U.S. agency prepares for massive staff cuts in blow to legal immigration system

By Mica Rosenberg and Mimi Dwyer
NEW YORK (Reuters) - The U.S. agency responsible for processing immigration applications announced on Wednesday that it was preparing to take nearly 70% of its staff on leave unless it received new funds.
The U.S. Citizenship and Immigration Service (USCIS) relies on fees from new immigration applications for its operations and faces a historic budget deficit.
Republican President Donald Trump has made cutting legal and illegal immigration a key part of his 2020 re-election campaign. New regulations and a number of executive measures as well as travel restrictions introduced in response to the coronavirus pandemic have drastically reduced the number of immigrants entering the United States.
A USCIS spokesman said in a statement that the agency had seen a 50% drop in fees since March, when most travel and immigration ceased when countries controlled the spread of the corona virus. USCIS has requested a $ 1.2 billion bailout from Congress to avoid the planned downsizing.
"On or before July 2, approximately 13,400 USCIS employees will be informed that USCIS will need to take leave from August 3 if they need to take an administrative vacation," the USCIS spokesman said.
If the vacation days are implemented, "they will surely cause noticeable delays immediately," said a USCIS employee who asked not to be named because he was not authorized to speak on the file. "There are already so many backlogs that need to be processed.
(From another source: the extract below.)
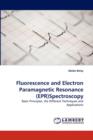 Fluorescence and Electron Paramagnetic Resonance (EPR)Spectroscopy - Book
It's crazy to think about how bad it will be."
USCIS Refugee, Asylum and International Operations staff were informed in an email from Reuters that notices were being sent to approximately 1,500 of the 2,200 staff in the department on July 24 and 25. Those who continued to be employed would be a "skeleton crew" to "keep the lights on," the email said.
On Monday, Trump signed a presidential proclamation prohibiting entry for multiple categories of temporary visa holders and extended the ban on some green card applicants, which the government would help create more jobs for unemployed Americans. Critics say the measures will harm the economy.